Retype each record exactly.

-*-*-

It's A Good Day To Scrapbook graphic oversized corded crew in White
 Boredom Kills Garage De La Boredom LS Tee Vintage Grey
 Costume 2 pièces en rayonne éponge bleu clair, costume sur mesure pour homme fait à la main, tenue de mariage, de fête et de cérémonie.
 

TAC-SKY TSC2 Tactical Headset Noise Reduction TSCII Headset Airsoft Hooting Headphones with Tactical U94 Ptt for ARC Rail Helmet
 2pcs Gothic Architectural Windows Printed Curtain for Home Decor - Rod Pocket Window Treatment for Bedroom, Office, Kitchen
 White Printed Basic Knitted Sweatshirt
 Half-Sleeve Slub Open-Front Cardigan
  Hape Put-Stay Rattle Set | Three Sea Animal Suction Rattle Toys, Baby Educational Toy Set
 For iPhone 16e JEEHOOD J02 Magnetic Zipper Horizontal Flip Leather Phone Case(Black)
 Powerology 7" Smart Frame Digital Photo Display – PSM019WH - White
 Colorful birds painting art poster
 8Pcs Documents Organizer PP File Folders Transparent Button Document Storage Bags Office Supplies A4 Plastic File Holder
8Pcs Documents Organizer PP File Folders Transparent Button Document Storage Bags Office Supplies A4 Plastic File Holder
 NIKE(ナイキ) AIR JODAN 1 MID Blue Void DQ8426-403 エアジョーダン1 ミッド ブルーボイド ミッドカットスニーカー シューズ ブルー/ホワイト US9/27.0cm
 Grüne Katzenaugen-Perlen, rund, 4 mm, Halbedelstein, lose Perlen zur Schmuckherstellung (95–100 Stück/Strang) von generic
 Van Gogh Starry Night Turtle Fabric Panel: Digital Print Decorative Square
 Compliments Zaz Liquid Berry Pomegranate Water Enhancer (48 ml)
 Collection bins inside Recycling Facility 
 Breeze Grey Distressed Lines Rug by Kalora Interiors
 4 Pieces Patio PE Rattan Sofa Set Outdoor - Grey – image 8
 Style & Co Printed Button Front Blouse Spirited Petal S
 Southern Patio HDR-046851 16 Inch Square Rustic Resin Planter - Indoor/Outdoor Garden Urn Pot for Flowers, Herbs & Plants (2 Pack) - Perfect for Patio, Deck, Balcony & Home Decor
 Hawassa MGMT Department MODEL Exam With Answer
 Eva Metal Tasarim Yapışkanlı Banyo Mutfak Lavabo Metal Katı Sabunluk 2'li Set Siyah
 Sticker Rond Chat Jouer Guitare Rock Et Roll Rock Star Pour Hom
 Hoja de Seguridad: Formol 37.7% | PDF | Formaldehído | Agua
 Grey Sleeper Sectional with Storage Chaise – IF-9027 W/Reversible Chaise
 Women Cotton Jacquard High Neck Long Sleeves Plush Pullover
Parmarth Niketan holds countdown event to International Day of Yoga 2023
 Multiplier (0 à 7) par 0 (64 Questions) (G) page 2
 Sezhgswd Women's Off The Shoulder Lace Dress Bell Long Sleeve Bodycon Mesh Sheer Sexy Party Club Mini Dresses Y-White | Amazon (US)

-*-*-

Result:
It's A Good Day To Scrapbook graphic oversized corded crew in White
 Boredom Kills Garage De La Boredom LS Tee Vintage Grey
 Costume 2 pièces en rayonne éponge bleu clair, costume sur mesure pour homme fait à la main, tenue de mariage, de fête et de cérémonie.
 

TAC-SKY TSC2 Tactical Headset Noise Reduction TSCII Headset Airsoft Hooting Headphones with Tactical U94 Ptt for ARC Rail Helmet
 2pcs Gothic Architectural Windows Printed Curtain for Home Decor - Rod Pocket Window Treatment for Bedroom, Office, Kitchen
 White Printed Basic Knitted Sweatshirt
 Half-Sleeve Slub Open-Front Cardigan
  Hape Put-Stay Rattle Set | Three Sea Animal Suction Rattle Toys, Baby Educational Toy Set
 For iPhone 16e JEEHOOD J02 Magnetic Zipper Horizontal Flip Leather Phone Case(Black)
 Powerology 7" Smart Frame Digital Photo Display – PSM019WH - White
 Colorful birds painting art poster
 8Pcs Documents Organizer PP File Folders Transparent Button Document Storage Bags Office Supplies A4 Plastic File Holder
8Pcs Documents Organizer PP File Folders Transparent Button Document Storage Bags Office Supplies A4 Plastic File Holder
 NIKE(ナイキ) AIR JODAN 1 MID Blue Void DQ8426-403 エアジョーダン1 ミッド ブルーボイド ミッドカットスニーカー シューズ ブルー/ホワイト US9/27.0cm
 Grüne Katzenaugen-Perlen, rund, 4 mm, Halbedelstein, lose Perlen zur Schmuckherstellung (95–100 Stück/Strang) von generic
 Van Gogh Starry Night Turtle Fabric Panel: Digital Print Decorative Square
 Compliments Zaz Liquid Berry Pomegranate Water Enhancer (48 ml)
 Collection bins inside Recycling Facility 
 Breeze Grey Distressed Lines Rug by Kalora Interiors
 4 Pieces Patio PE Rattan Sofa Set Outdoor - Grey – image 8
 Style & Co Printed Button Front Blouse Spirited Petal S
 Southern Patio HDR-046851 16 Inch Square Rustic Resin Planter - Indoor/Outdoor Garden Urn Pot for Flowers, Herbs & Plants (2 Pack) - Perfect for Patio, Deck, Balcony & Home Decor
 Hawassa MGMT Department MODEL Exam With Answer
 Eva Metal Tasarim Yapışkanlı Banyo Mutfak Lavabo Metal Katı Sabunluk 2'li Set Siyah
 Sticker Rond Chat Jouer Guitare Rock Et Roll Rock Star Pour Hom
 Hoja de Seguridad: Formol 37.7% | PDF | Formaldehído | Agua
 Grey Sleeper Sectional with Storage Chaise – IF-9027 W/Reversible Chaise
 Women Cotton Jacquard High Neck Long Sleeves Plush Pullover
Parmarth Niketan holds countdown event to International Day of Yoga 2023
 Multiplier (0 à 7) par 0 (64 Questions) (G) page 2
 Sezhgswd Women's Off The Shoulder Lace Dress Bell Long Sleeve Bodycon Mesh Sheer Sexy Party Club Mini Dresses Y-White | Amazon (US)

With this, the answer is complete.